Don't rely on the model's "common sense." A language model doesn't have a sense of limit. It keeps going until the task is framed as complete. Framing it as complete is your job.

The permissions contract

In every task I now write an explicit section: what the agent can do, and what it must not.

Can do: read files, write files to the working directory, run bash commands from a whitelist, make HTTP requests to specific endpoints.

Must not: run git push, delete production data, send messages to channels not listed in the task, modify config files without explicit permission.

The first time I didn't include an explicit ban on git commit, the agent made a commit — because the task involved editing files, and committing seemed like the logical next step. From the agent's perspective. I didn't ask for it.

The principle of least privilege applies to AI agents the same way it applies to service accounts. Give exactly as much access as the task needs.

Logging as part of the contract

An agent that doesn't leave a trail is impossible to debug.

Every task I run writes to a JSONL file: timestamp, task name, status, key identifiers of processed objects. One file per task, one entry per run. If a run failed, the log has an entry with status: failed and the step where it stopped.

When a task fails at 3am, I open the log in the morning and have the full picture in 30 seconds.

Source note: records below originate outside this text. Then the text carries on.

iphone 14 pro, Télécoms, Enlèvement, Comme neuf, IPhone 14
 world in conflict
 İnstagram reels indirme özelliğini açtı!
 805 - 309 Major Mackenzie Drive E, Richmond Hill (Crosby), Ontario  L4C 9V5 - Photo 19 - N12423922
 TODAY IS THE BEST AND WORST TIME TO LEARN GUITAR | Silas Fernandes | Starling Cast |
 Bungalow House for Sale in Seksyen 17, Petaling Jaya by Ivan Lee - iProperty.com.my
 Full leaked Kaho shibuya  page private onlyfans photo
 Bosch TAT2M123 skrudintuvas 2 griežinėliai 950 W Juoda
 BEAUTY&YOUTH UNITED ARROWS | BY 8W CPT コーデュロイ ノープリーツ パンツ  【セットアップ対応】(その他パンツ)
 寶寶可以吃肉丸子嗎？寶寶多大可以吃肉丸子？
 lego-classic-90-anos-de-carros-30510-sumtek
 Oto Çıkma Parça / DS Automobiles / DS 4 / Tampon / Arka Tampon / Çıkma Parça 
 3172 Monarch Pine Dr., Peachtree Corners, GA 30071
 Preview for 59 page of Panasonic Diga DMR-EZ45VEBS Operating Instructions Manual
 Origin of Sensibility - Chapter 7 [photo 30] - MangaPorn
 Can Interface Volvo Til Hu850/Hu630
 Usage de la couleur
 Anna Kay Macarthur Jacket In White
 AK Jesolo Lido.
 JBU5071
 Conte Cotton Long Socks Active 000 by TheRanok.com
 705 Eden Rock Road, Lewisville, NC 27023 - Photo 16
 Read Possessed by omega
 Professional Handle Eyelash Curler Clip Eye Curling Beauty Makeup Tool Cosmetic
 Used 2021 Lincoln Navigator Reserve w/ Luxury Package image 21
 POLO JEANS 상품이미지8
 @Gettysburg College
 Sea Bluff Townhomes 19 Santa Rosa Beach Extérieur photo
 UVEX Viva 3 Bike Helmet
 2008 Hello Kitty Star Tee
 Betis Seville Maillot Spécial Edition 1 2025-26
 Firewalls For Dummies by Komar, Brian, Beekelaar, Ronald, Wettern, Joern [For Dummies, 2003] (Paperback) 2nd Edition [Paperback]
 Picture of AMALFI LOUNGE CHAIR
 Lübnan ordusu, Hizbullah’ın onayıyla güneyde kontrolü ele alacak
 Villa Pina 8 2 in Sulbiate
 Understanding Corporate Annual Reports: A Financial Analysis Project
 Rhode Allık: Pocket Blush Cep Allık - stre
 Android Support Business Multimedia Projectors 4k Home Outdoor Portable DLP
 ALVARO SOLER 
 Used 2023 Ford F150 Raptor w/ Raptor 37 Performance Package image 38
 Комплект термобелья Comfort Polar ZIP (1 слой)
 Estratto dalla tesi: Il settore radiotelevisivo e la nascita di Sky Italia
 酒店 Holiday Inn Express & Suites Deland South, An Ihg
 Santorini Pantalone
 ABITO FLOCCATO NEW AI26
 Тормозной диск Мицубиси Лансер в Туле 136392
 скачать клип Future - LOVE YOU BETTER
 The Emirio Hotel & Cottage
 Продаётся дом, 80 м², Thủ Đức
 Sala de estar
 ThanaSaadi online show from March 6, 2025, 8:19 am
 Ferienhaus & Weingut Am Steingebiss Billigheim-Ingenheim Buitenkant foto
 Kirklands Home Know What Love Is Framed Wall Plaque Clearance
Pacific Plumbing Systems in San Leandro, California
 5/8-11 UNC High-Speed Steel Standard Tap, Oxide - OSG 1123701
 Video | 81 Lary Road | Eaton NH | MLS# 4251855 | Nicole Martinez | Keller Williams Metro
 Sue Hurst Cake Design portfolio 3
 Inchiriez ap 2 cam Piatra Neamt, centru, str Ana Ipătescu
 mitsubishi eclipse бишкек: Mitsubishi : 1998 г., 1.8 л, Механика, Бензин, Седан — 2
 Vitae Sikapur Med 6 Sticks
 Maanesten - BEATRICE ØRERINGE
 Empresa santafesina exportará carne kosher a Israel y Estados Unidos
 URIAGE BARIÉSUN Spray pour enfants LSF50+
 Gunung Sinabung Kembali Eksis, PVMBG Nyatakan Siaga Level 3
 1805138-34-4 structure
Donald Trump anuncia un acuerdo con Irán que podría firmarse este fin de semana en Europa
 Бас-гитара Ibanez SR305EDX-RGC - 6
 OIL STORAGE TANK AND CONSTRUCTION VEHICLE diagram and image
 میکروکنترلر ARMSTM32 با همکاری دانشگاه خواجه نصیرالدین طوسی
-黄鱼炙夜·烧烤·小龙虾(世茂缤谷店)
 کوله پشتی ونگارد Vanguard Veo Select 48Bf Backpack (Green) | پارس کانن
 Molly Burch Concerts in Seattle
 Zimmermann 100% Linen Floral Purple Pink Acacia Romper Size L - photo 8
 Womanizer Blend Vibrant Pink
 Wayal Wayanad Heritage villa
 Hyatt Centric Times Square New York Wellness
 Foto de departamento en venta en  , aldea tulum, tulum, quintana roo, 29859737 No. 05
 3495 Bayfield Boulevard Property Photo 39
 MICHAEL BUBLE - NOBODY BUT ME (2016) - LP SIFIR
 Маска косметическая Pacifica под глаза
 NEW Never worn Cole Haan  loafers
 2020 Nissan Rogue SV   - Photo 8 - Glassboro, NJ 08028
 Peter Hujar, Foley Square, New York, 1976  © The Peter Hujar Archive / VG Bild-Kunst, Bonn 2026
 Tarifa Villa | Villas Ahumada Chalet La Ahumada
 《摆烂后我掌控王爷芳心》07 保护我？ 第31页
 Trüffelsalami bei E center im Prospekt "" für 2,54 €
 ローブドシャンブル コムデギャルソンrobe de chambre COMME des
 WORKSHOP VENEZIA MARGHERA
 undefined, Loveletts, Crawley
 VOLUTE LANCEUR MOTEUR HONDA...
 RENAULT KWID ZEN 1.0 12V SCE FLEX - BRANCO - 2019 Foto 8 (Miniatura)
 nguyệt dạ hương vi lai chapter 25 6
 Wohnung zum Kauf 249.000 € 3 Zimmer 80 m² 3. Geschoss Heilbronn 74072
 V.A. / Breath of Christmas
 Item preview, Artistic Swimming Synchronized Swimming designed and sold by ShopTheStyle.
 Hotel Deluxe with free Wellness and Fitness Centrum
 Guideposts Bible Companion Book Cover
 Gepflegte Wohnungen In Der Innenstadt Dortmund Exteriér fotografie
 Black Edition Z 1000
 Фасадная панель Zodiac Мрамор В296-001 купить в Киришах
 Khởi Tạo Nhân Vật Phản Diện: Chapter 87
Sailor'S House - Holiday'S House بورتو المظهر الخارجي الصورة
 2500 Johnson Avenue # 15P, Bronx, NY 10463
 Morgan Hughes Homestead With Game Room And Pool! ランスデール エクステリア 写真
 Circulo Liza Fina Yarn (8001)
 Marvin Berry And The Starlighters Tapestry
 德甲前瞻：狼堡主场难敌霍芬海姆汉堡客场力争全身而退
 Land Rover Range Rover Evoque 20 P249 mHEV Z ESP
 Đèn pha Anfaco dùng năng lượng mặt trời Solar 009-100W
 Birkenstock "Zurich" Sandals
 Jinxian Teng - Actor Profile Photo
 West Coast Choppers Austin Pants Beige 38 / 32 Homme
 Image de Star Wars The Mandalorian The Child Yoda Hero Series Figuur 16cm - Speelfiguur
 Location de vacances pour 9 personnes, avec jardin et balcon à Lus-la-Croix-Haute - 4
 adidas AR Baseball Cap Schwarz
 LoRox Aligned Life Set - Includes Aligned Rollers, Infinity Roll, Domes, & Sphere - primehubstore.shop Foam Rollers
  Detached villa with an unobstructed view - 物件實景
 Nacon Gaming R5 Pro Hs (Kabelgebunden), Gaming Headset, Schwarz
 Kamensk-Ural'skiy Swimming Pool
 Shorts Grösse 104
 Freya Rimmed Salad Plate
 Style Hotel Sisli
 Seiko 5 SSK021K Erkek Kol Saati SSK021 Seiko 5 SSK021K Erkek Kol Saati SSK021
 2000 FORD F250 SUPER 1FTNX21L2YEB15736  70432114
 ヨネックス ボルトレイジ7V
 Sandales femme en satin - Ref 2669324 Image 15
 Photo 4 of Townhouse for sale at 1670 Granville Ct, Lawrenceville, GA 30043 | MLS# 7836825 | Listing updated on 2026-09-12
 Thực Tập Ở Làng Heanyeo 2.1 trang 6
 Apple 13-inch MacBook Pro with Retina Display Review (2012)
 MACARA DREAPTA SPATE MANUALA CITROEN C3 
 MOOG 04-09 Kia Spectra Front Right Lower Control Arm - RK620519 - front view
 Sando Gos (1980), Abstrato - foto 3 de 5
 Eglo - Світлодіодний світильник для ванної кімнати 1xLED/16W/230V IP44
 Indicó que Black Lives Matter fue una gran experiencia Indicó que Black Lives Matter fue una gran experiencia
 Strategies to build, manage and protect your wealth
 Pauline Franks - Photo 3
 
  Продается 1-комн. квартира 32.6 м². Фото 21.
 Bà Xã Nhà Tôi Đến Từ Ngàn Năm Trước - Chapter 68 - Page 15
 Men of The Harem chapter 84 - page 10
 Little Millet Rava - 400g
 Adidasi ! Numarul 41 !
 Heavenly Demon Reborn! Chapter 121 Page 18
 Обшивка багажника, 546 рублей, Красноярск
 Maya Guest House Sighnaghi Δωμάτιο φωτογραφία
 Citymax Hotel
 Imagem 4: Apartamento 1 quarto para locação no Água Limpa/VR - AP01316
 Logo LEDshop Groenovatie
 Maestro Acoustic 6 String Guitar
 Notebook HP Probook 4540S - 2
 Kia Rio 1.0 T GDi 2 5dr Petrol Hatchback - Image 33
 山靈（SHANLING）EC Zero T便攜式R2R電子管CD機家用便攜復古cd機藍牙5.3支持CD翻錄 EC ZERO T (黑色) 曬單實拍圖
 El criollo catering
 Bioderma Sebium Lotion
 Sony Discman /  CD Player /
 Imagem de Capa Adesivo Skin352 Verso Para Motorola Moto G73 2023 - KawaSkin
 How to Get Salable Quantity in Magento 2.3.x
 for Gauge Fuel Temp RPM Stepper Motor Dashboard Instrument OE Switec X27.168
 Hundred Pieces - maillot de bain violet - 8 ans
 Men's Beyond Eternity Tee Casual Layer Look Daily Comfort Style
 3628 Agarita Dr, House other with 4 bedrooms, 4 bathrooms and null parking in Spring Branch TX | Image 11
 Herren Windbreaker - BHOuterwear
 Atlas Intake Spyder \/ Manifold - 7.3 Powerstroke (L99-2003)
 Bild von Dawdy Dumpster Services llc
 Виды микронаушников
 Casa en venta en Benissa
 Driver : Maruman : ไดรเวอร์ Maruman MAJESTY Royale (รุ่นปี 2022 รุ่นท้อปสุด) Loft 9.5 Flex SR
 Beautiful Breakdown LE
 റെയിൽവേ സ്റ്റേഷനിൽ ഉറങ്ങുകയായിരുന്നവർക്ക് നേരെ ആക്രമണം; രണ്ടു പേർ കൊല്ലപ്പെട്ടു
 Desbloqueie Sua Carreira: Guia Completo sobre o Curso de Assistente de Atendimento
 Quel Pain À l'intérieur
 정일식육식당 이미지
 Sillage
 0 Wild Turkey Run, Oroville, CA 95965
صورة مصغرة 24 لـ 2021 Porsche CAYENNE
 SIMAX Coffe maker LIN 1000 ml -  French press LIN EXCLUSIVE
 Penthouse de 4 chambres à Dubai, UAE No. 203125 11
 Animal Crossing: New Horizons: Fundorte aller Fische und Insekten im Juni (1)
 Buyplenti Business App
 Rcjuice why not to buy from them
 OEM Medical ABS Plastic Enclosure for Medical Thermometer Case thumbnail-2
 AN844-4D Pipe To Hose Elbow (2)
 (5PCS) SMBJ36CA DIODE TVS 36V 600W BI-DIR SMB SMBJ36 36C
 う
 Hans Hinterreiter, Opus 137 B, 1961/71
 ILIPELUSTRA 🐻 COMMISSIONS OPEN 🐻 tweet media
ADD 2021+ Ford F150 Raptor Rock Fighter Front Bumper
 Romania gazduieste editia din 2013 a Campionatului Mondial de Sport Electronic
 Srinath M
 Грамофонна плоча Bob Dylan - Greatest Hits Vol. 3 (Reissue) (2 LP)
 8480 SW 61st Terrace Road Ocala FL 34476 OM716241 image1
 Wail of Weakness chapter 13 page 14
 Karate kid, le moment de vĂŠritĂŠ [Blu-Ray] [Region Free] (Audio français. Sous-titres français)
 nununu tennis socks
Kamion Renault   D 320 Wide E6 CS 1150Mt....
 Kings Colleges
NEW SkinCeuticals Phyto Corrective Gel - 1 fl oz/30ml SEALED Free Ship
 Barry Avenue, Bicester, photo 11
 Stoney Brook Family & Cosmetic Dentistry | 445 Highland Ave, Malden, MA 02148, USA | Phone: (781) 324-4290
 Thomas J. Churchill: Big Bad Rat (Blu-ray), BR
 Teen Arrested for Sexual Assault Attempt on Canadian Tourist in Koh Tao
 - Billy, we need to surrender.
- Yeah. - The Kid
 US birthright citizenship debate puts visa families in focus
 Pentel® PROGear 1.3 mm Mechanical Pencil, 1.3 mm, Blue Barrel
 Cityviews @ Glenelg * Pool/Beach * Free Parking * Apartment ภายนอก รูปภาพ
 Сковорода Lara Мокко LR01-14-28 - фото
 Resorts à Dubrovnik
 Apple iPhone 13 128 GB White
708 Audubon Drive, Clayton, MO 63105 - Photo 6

Without a log, it's detective work: git history, bash history, file timestamps.

I wrote more about how I structure logging and monitoring for autonomous agents in this piece on production AI agent monitoring.

Iterating the spec after the first run

A good spec rarely works perfectly the first time. Not because I'm bad at thinking ahead — real data is always richer than a thought experiment.

After the first run, I read the log and find one of three things: an edge case I didn't account for ("what if the file already exists?"), a permission that turned out to be needed ("task tried to write to a directory that doesn't exist"), or a weak exit condition — the task ran to completion when it should have stopped earlier.

Then I revise the spec. Sometimes once. Sometimes three or four iterations until the task stops surprising me.

I treat task specs like code: they live in git, they change via commits, and I have a history of what changed and when. That discipline pays off when something breaks — which it will, eventually.

If you're curious about the broader question of when to use a cron job versus an AI agent at all, I covered that earlier: cron vs AI agents — boring, reliable, production-proven.

What changes in practice

An autonomous agent isn't a smarter cron. It's a tool that interprets the task. Interpretation means ambiguity if the task is written loosely.

When I shifted from "write a good prompt" to "write a deterministic contract," the number of surprises in production dropped. Not to zero — the model can still make an unexpected call in an edge case. But edge cases became rarer, because most of them are now handled explicitly in the spec.

A task spec is a document that works in your place. Write it like documentation for a critical service. Because that's what it is — just without a user interface.